On Mon, January 25, 2016 1:13 pm, Randall Badilla Castro wrote:
Hi guys: We are getting this graph from a webserver and the boos want a deeper explanation of it.
So AFAIK the conn test is a ping; so it will give and idea of how network is working and also can reflect how the server is performing serving request. (Note aside: I feel that TCP connection times from a ping test can be misleading, I mean ping is icmp which people calls 3.5 layer ).
Hi Randall,
The "conn" test is actually just a simple ICMP echo (the "TCP" there is a misnomer unfortunately; it's being graphed by the 'tcp' RRD interpreter).

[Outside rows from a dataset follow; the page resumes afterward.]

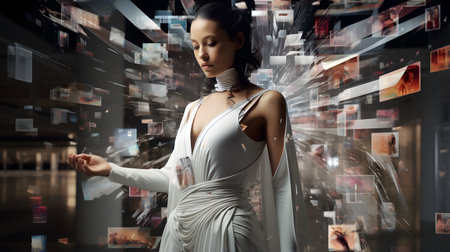 Young beautiful woman in white dress against media screen background. Mixed mediaの素材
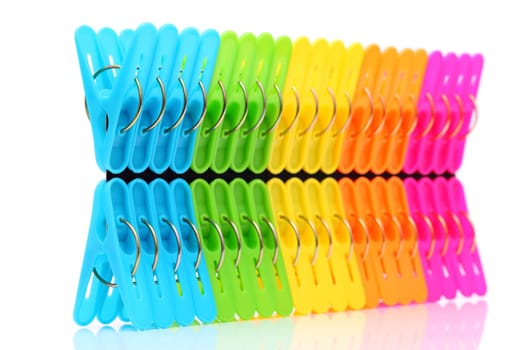 Colorful plastic clothespins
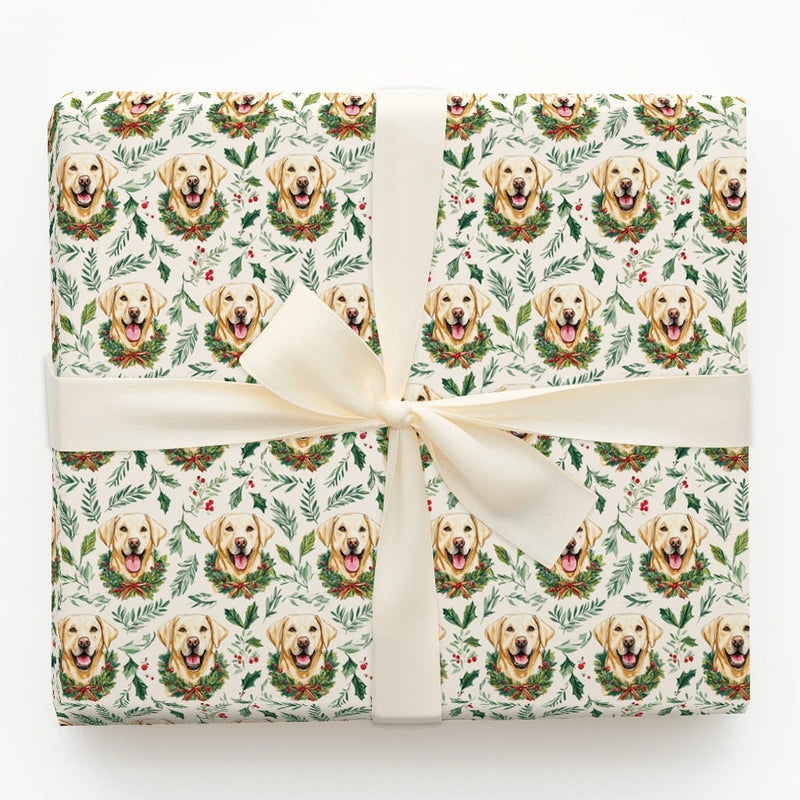 Christmas Wreath Dog Gift Wrap, Yellow Labrador Wrapping Paper, Holiday Holly Dog Wrapping Paper, Festive Pet Lover Gift Wrapping Paper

The test is identical to the output you'd get from a run of "fping -Ae" against a list of IP addresses, since that's actually what's happening on the backend :) (Unless you're using the legacy 'xymonping', but that was intended to do the same thing.)
[root at localhost ~]# fping -Ae 4.2.2.2 8.8.8.8 127.0.0.1 4.2.2.2 is alive (15.2 ms) 8.8.8.8 is alive (22.4 ms) 127.0.0.1 is alive (0.01 ms)

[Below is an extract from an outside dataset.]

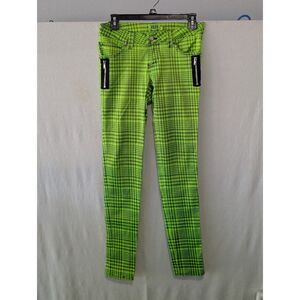 Tripp NYC Daang Goodman Neon Yellow Plaid Pants Junior's Size 1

With your graph in particular, your average is in the microsecond range, but something bumped up to 18/20ms for long enough to factor into the RRD averaging for that period. RRD data is less granular over time, but you might be able to zoom in to get a better idea of the time frames.
It's possible something was happening on your monitor server... a quick way to rule it out is to see if all other network graphs have the same problem. More likely, there was an issue somewhere in the network.
The 'conn' test won't normally go red as long the destination is actually alive (returns a response before fping times out), but you can force an override by using the 'DS' syntax in analysis.cfg to cause an alert to happen at any particular arbitrary level:
For details on that, see https://xymon.com/help/manpages/man5/analysis.cfg.5.html#lbAN
HTH, -jc